— TASK TO CARRY OUT —
For this exercise, copy exactly the lines below from the one with "Father with daughter" through the one with "A woman wearing" and leave out the pictures.

** DATA FOR ANALYSIS follows **

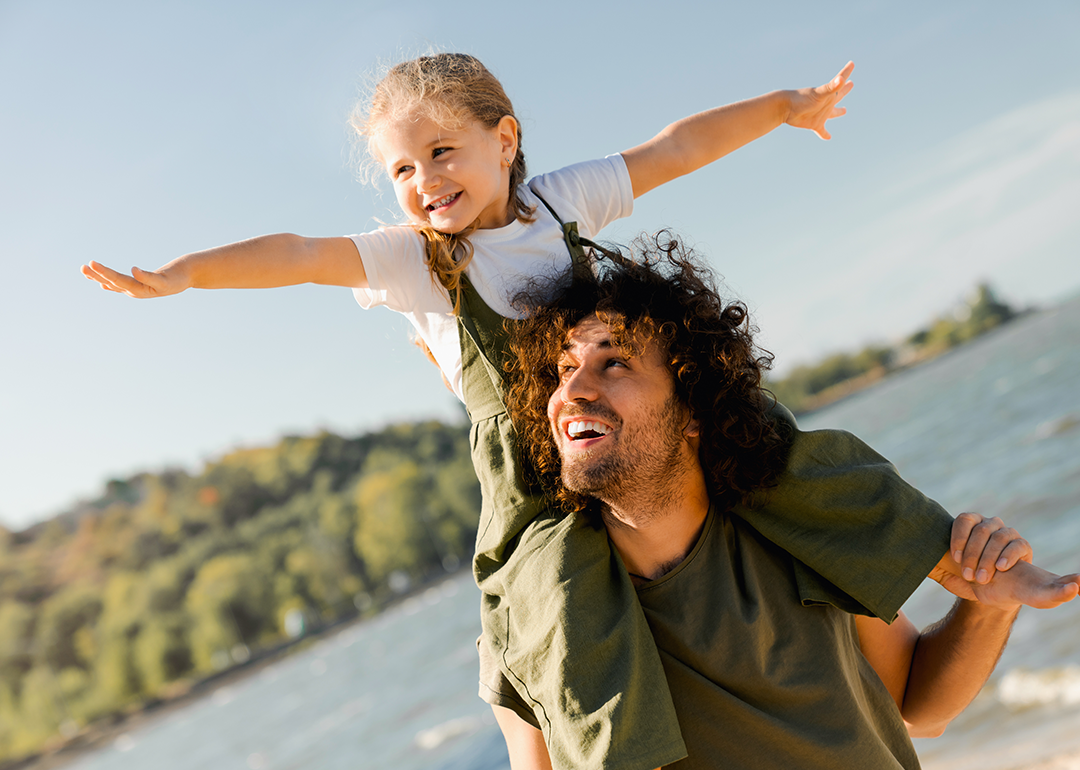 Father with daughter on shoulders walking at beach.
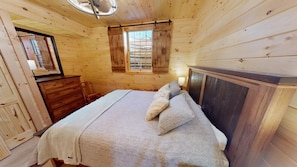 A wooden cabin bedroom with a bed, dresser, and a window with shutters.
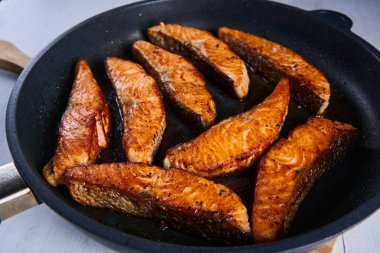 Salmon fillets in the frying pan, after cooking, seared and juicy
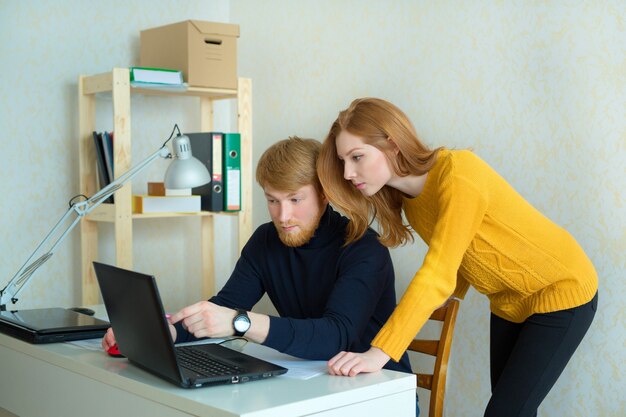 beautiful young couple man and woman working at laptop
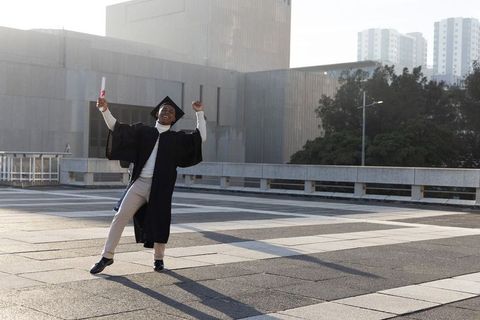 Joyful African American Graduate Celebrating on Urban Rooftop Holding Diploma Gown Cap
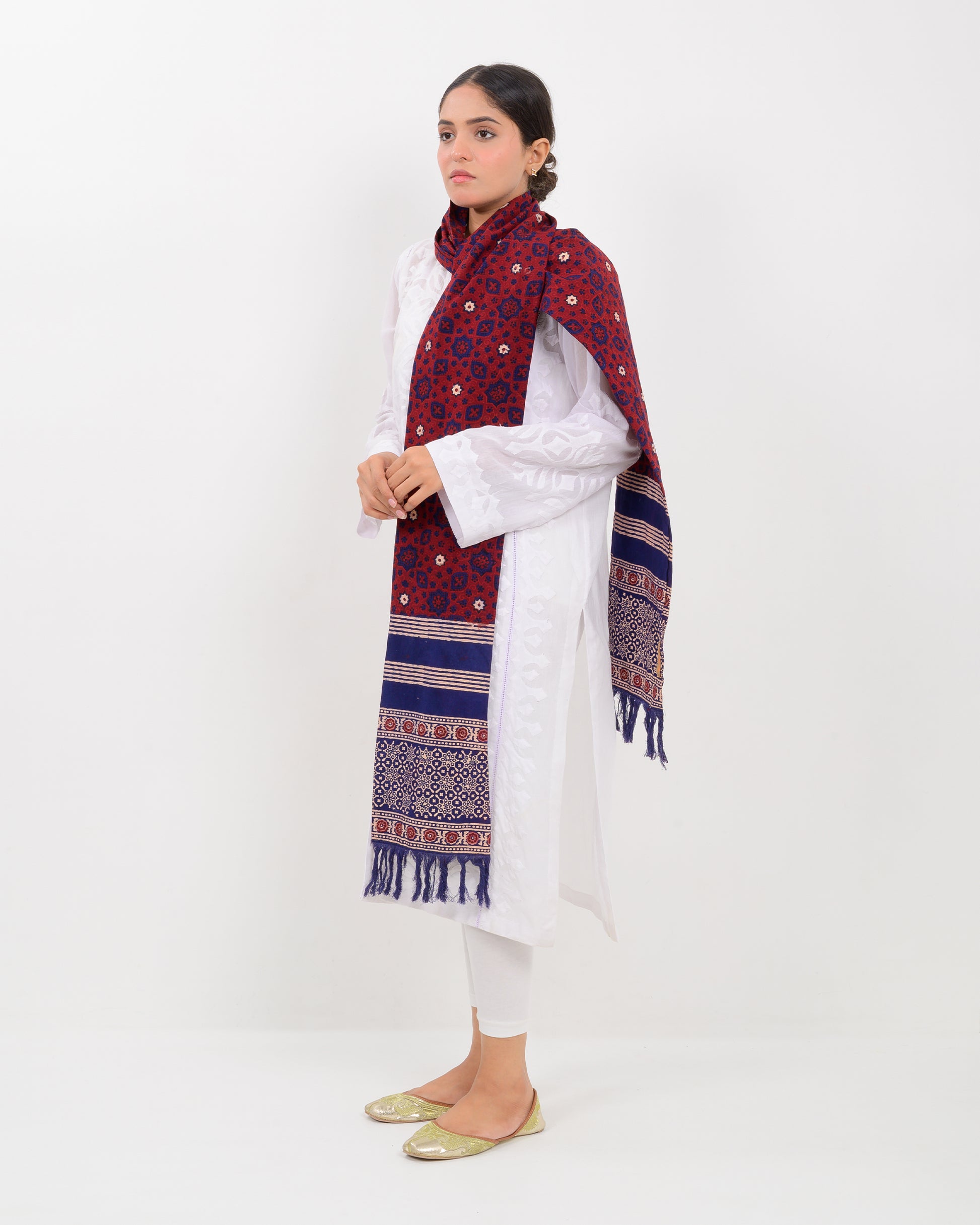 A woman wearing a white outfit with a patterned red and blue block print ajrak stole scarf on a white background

** End of DATA FOR ANALYSIS **
** DATA FOR ANALYSIS follows **

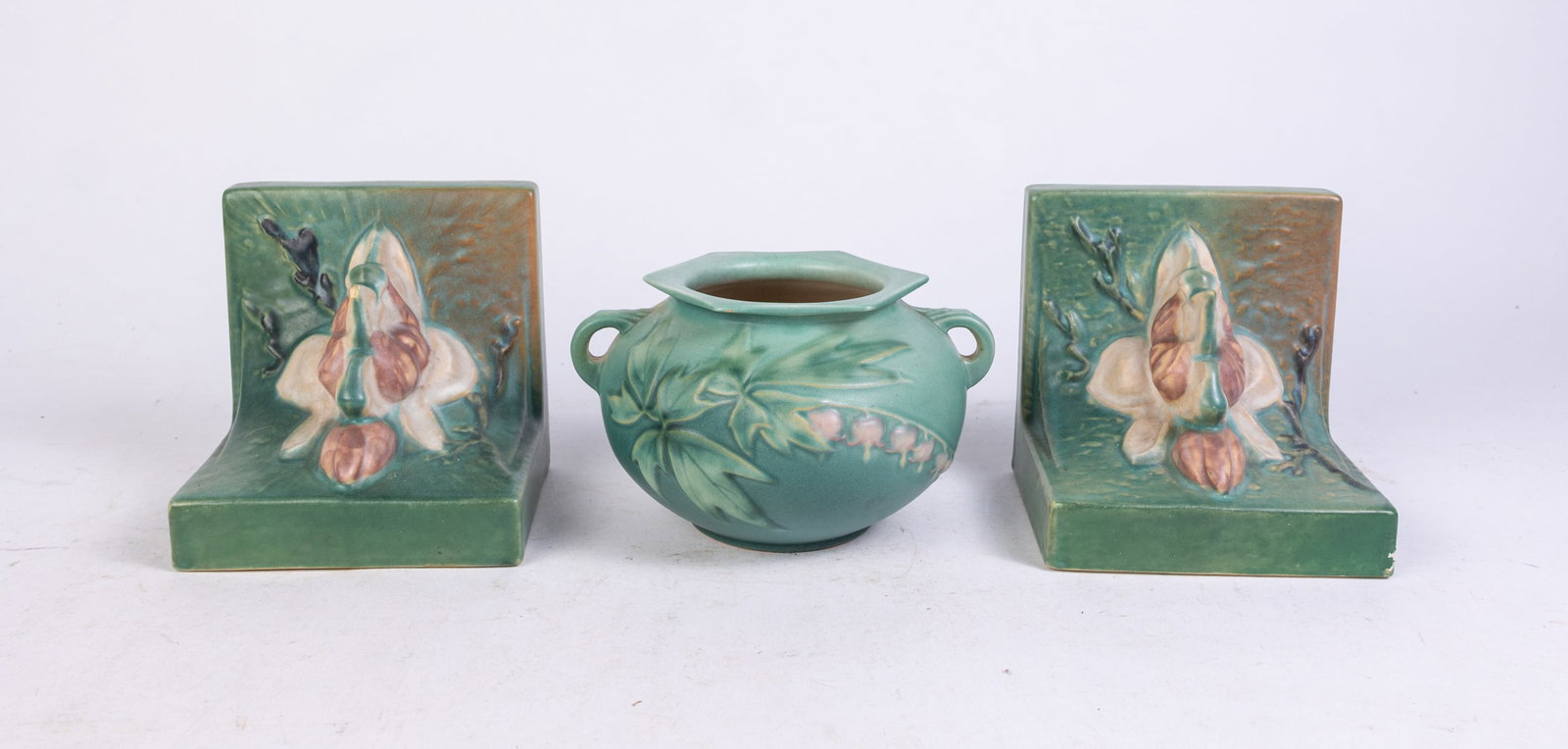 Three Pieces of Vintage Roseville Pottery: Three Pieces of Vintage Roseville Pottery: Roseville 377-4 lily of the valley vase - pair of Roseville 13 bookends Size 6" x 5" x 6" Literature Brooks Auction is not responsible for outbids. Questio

** End of DATA FOR ANALYSIS **

— ANSWER TO THIS PROBLEM —
 Father with daughter on shoulders walking at beach.
 A wooden cabin bedroom with a bed, dresser, and a window with shutters.
 Salmon fillets in the frying pan, after cooking, seared and juicy
 beautiful young couple man and woman working at laptop
 Joyful African American Graduate Celebrating on Urban Rooftop Holding Diploma Gown Cap
 A woman wearing a white outfit with a patterned red and blue block print ajrak stole scarf on a white background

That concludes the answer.